I first remember being diagnosed with Psoriasis around 1990. It arrived about a year earlier in the form of a white scaly dot on my knee which I hoped would simply go away.
After eventually realising that it wasn’t going to and feeling self conscious about it, I decided to make a doctors appointment.
I wanted to know what this was and more importantly to find out what cure there was for it.
The doctor wrote the name of the skin condition down on a piece of paper, handed it to me and told me this is what I had and then asked if I knew what it was. I had never seen nor heard of the word psoriasis, I couldn’t even spell it properly. Anxiously I asked if there was a cure to which came the reply NO! I then recall getting really worried at the prospect of being affected by something very noticeable for the rest of my life and that unbeknown to me at the time was to become more widespread on my body in the years to come.

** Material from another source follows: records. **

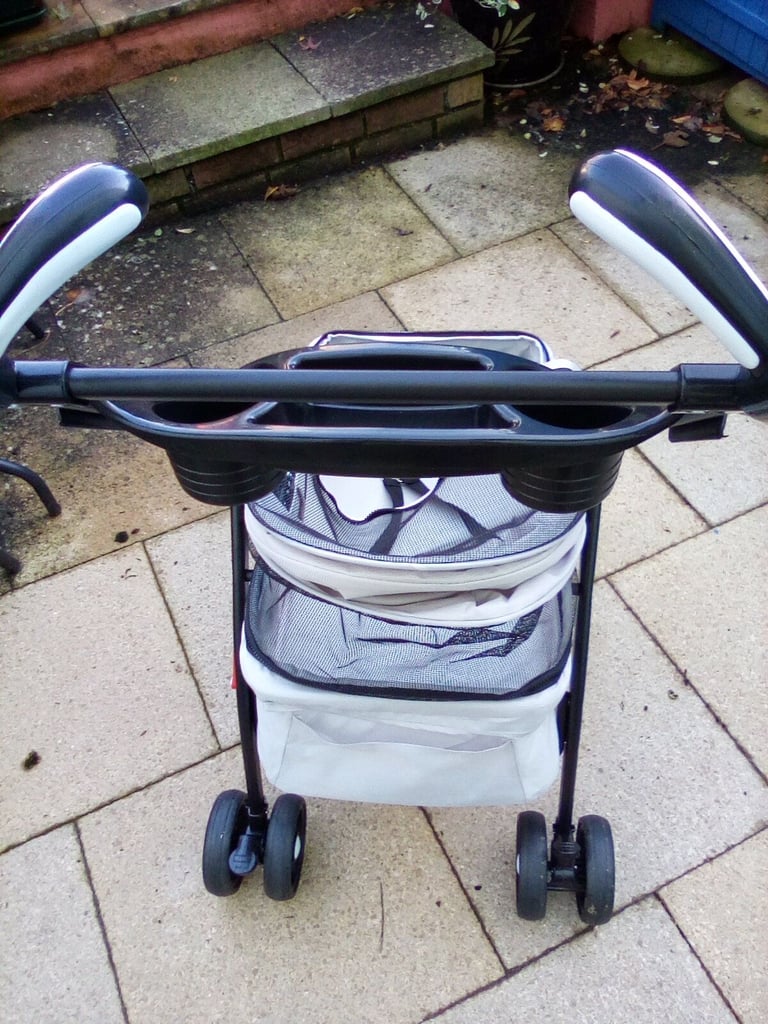 Pet stroller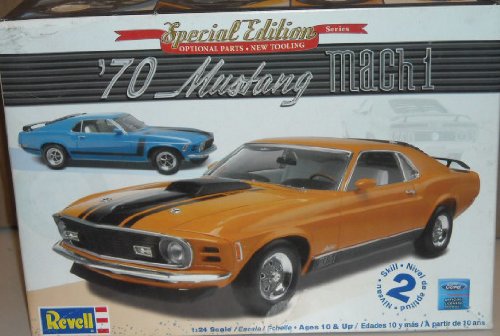 Revell 1:24 '70 Ford Mustang Mach 1 2 'n 1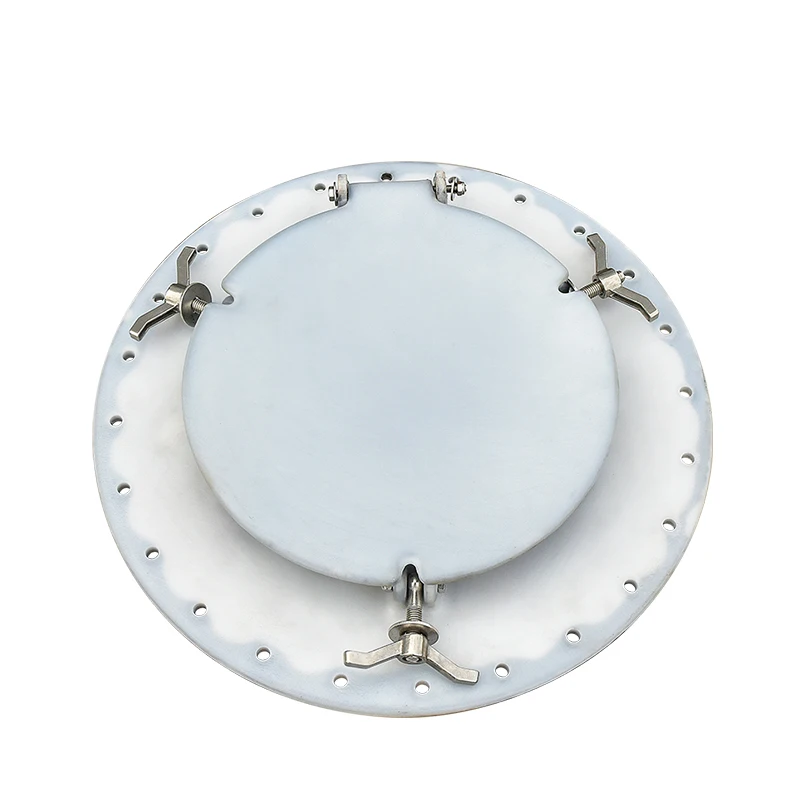 Couverture de regard en plastique doublée d'acier pour permettre aux personnes d'entrer et de sortir du corps du réservoir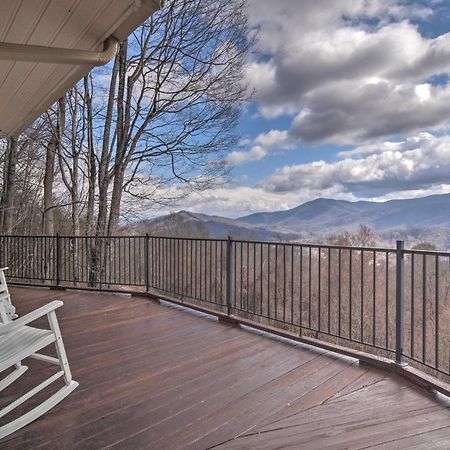 Charming Burnsville Apt With Mountain Views And Deck! エクステリア 写真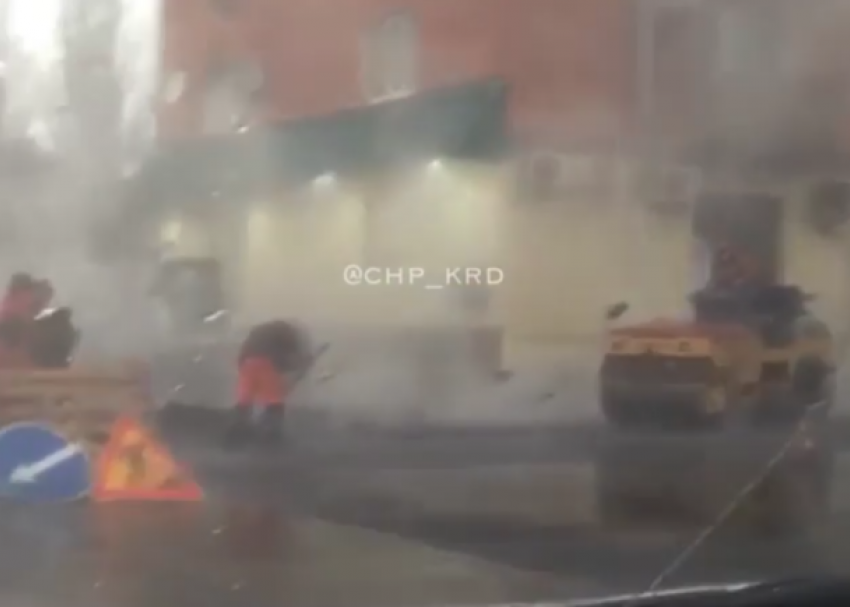  Мэр Краснодара не указ: Дорожники продолжают укладывать асфальт в дождь 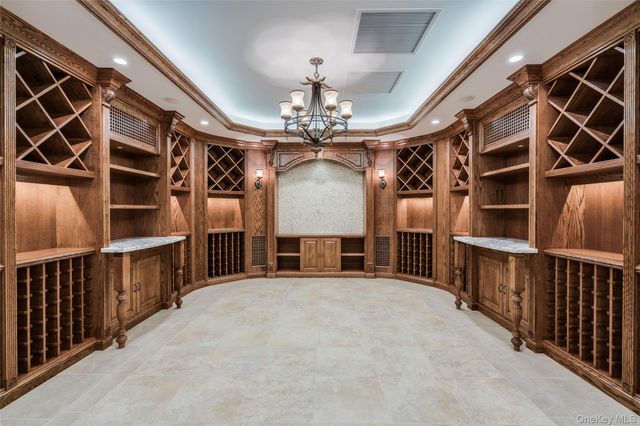 4 Valentines Farm Court, Old Brookville, NY 11545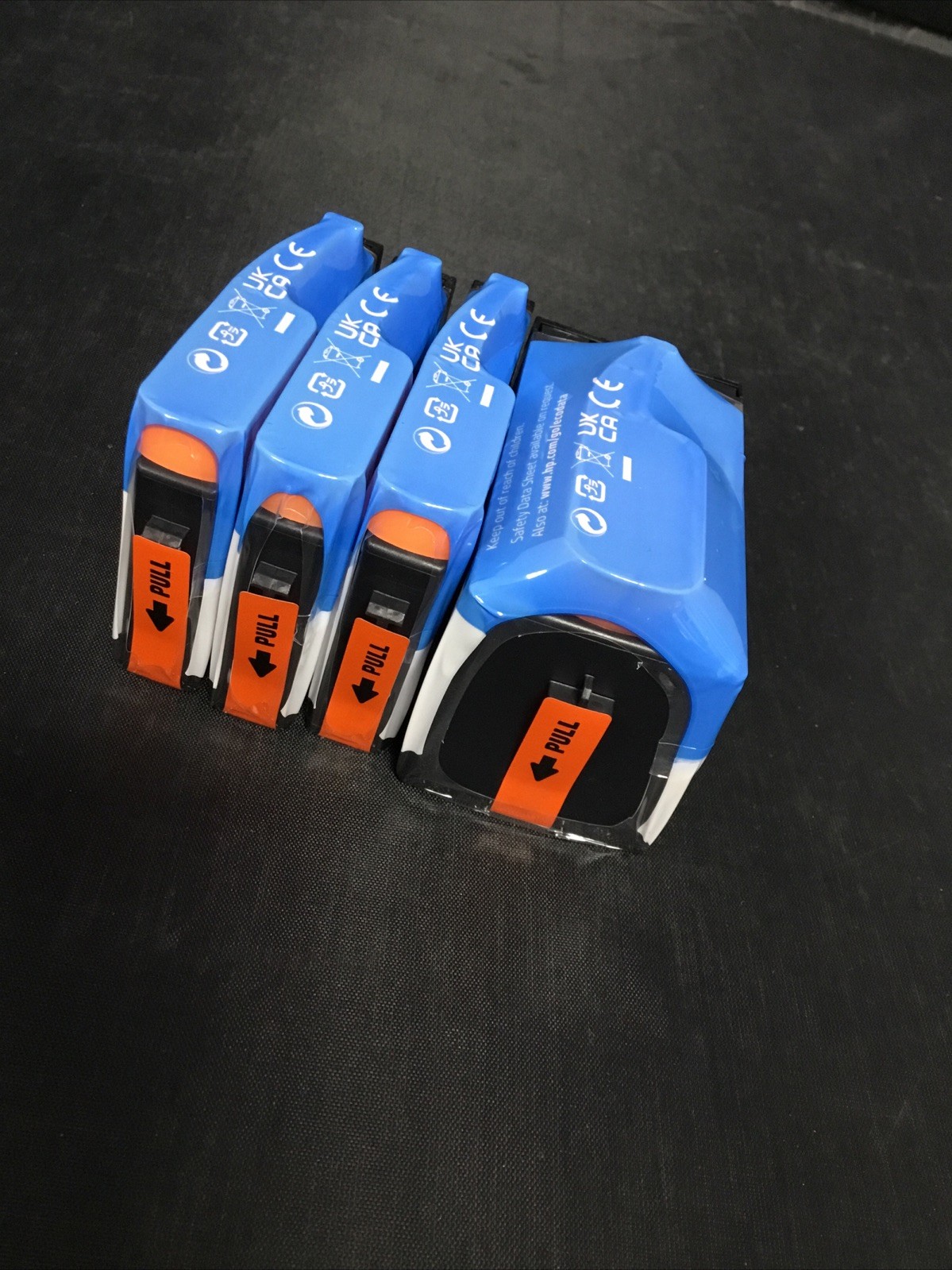 HP 910 XL Black & 910 Standard C/M/Y Ink Cartridges 4 Pack (Expires 11-2027)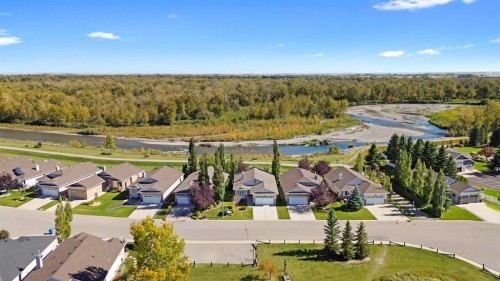 448 Riverside Green Nw, High River, AB 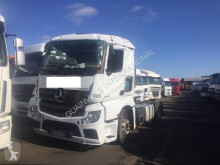 Tracteur Mercedes Actros 1843 produits dangereux / adr accidenté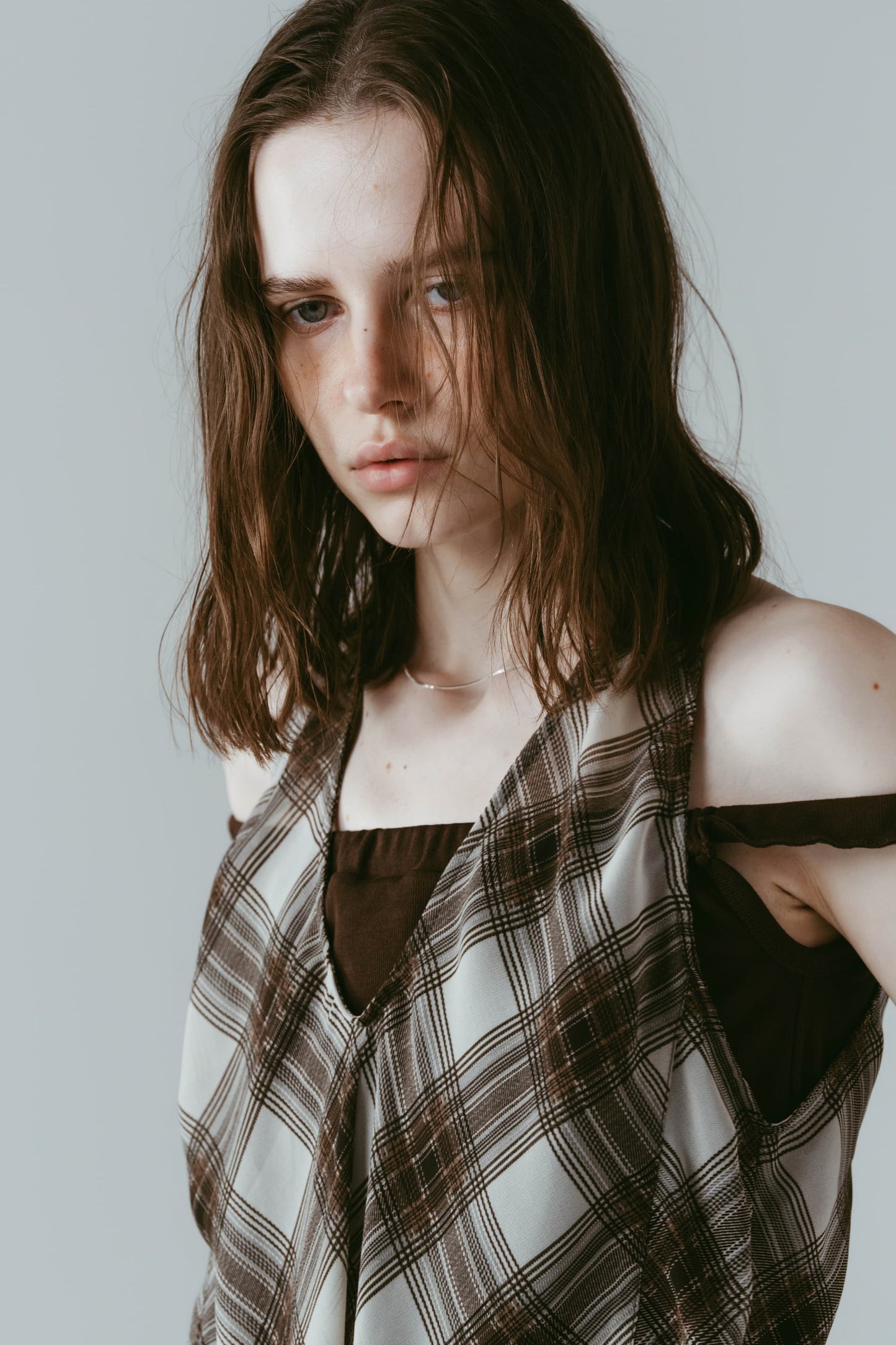 plaid halter neck blouse/brown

However, there was treatment available to control it as I was prescribed creams/ointments and lotion Betnovate I think it was, when I developed scalp psoriasis. He would chop and change these, like when I thought one wasn’t working he would take me off it and start me on another. I thought all of the medication was pretty ineffective though and that he being a GP was limited to what he could prescribe. Also in my opinion he didn’t have the same knowledge about the skin condition as a dermatologist would or an understanding of how it was affecting me emotionally as well as physically.
For some reason the doctor would not give me a referral, I was going to have to arrange an appointment to visit a specialist myself.
I did exactly that after hearing of a doctor based in Dunedin who was treating a patient with psoriasis living in my area.
It was about then in 1994 that I decided to join the Southland Psoriasis Association, a local support group which I am still a member of today. Feeling quite isolated at the time I was wanting to have contact with people who had the same condition, a decision I don’t regret as I feel this has really helped over the years.
I also have a good rapport with the dermatologist which is important. Since the initial visit to the present day he has been treating my condition with Locoid Lipocream around my facial area, and on the rest of my body alternating between Dermol and Daivonex ointments and Nerisone cream. This has kept it under control when I am feeling motivated enough to take time out to apply them. I appear to get run down and fatigued a lot and am uncertain to whether it’s a side effect from the medication or just part of having psoriasis or maybe both.
He has prescribed me with two oral medications. The first was Methotrexate which I soon had to be taken off as it was having a bad effect on my liver. The second was Ciclosporin which to my mind wasn’t controlling it very well.
This year I started on the self-injection medication Humira and have noticed a definate improvement even at this early stage which I find encouraging.
On a personal note while I have got used to living with psoriasis for a good part of my life I am still very self-conscious and aware of it, the plaques on my skin are a constant reminder which unfortunately (unlike some people) I am not able to ignore. For instance I wouldn’t feel comfortable swimming in a public place or taking my shirt off on a hot day – I would know without looking that people would be staring at me.
Like everyone with this condition I live in hope that one day – hopefully in my lifetime – a cure for psoriasis will be discovered.